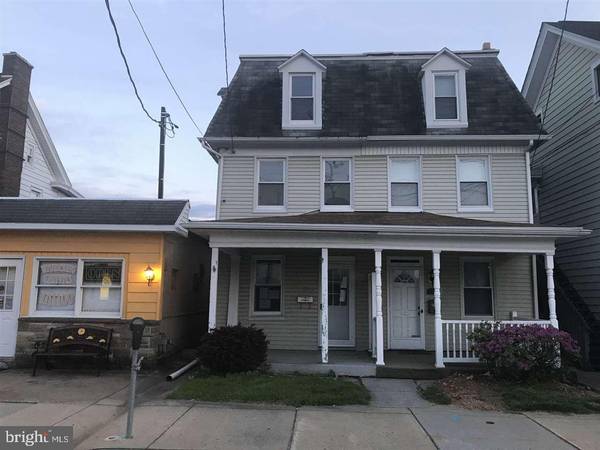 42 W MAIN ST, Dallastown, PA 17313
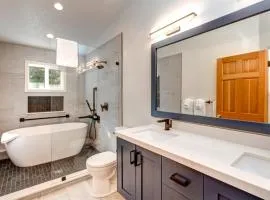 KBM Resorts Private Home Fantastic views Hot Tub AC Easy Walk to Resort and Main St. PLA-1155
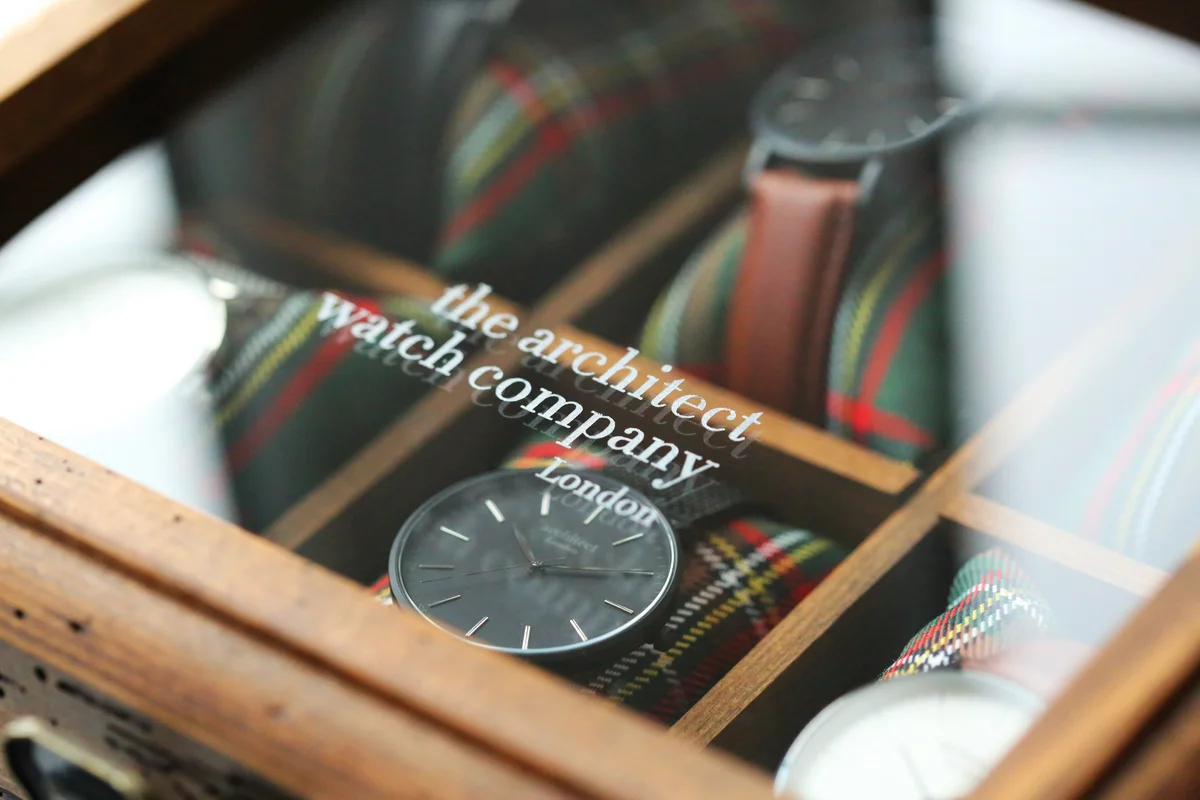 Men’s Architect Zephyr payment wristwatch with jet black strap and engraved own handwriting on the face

-=-=-

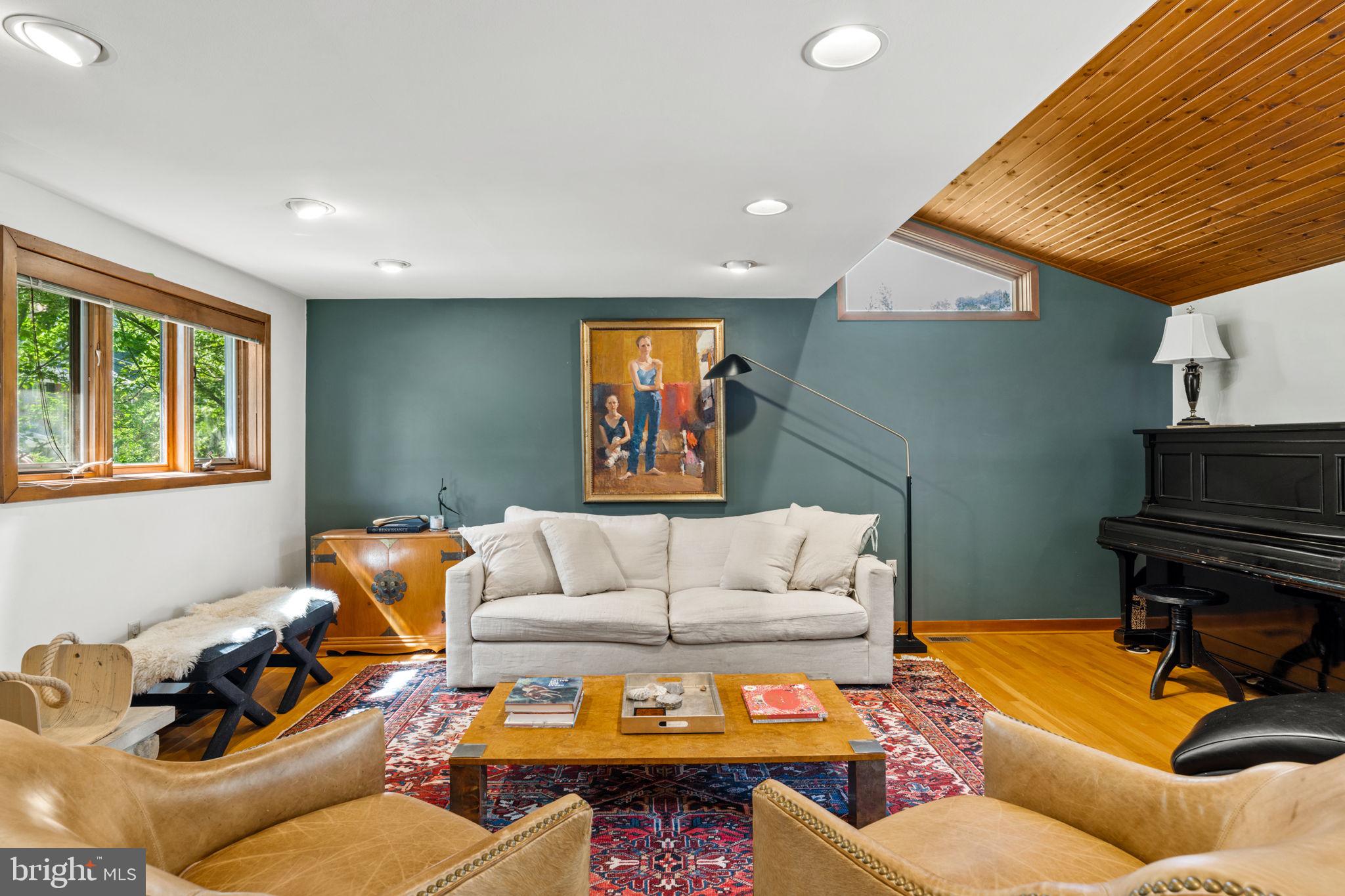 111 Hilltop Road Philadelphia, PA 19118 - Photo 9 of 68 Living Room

-=-=-

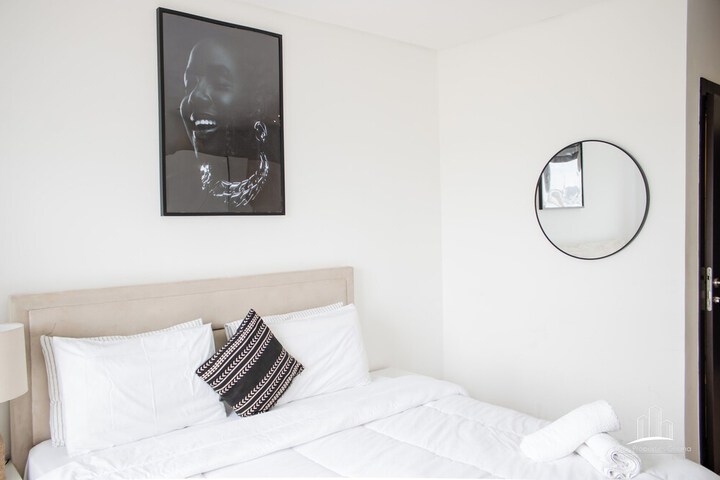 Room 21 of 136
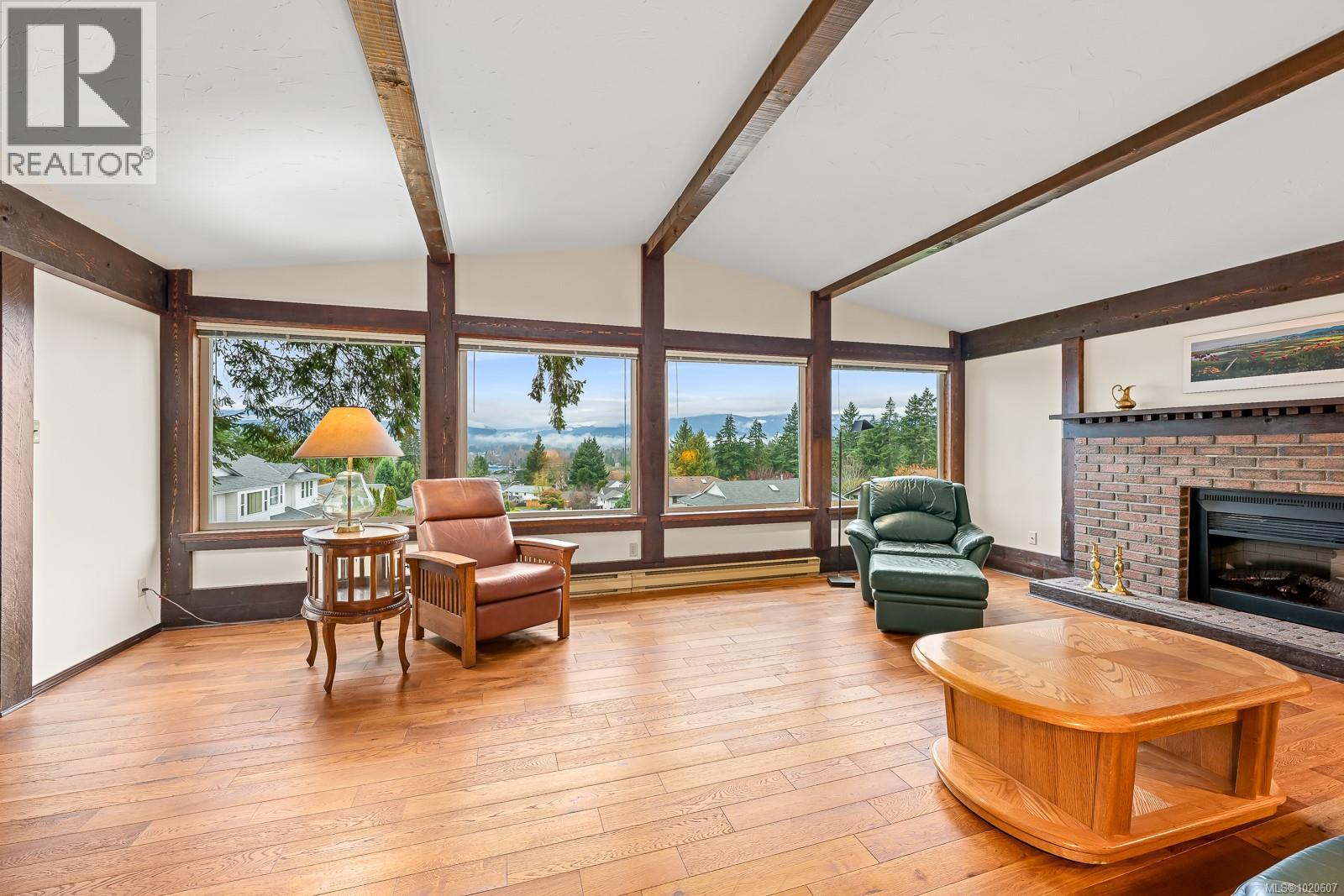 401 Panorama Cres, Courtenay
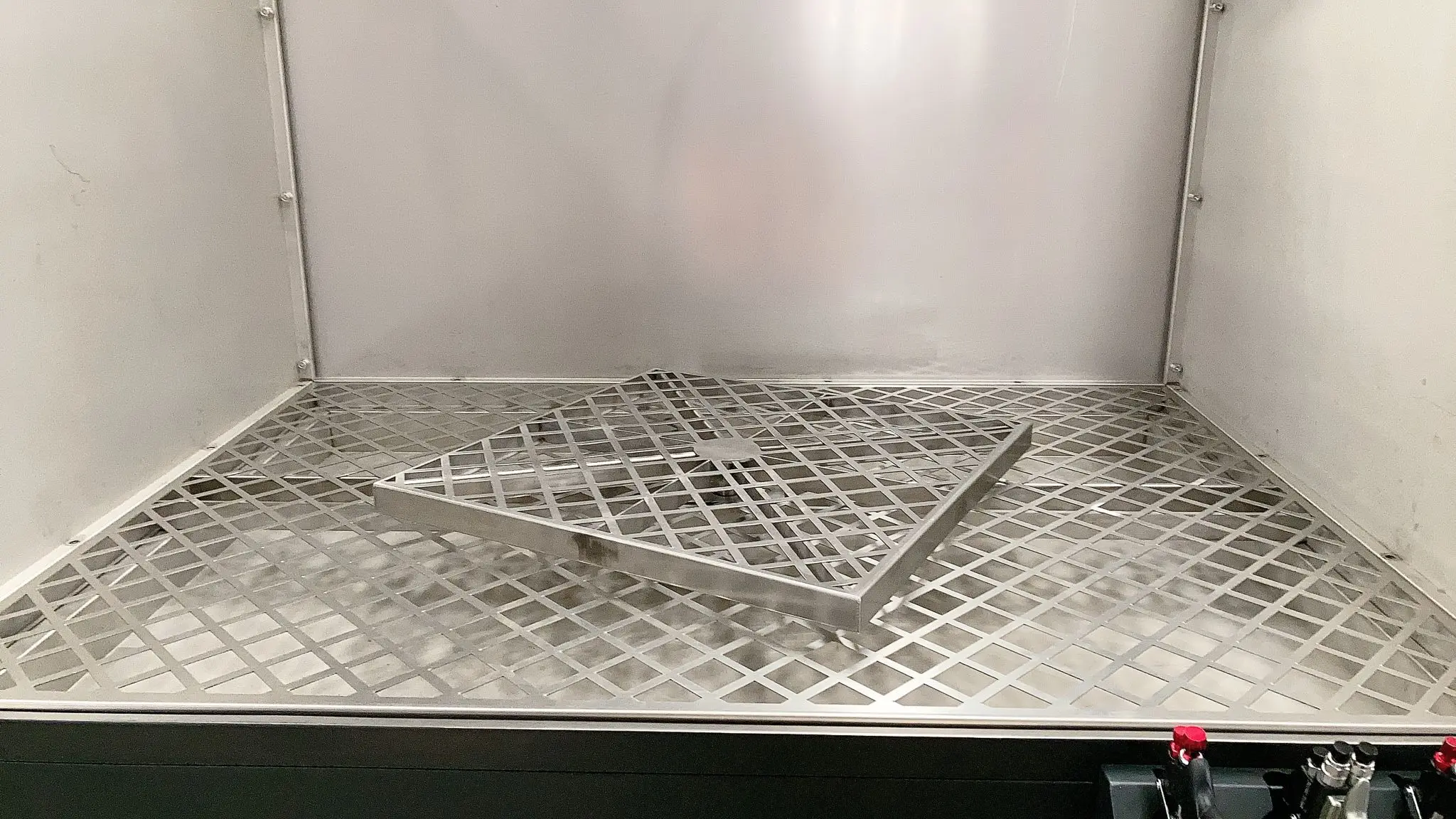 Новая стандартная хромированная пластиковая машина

-=-=-

_Task details_: Using the data above, copy exactly the lines from the one containing "Room 21 of 136" to the one containing "Новая стандартная хромированная", inclusive. Exclude the pictures.

_Solved problem_:
 Room 21 of 136
 401 Panorama Cres, Courtenay
 Новая стандартная хромированная пластиковая машина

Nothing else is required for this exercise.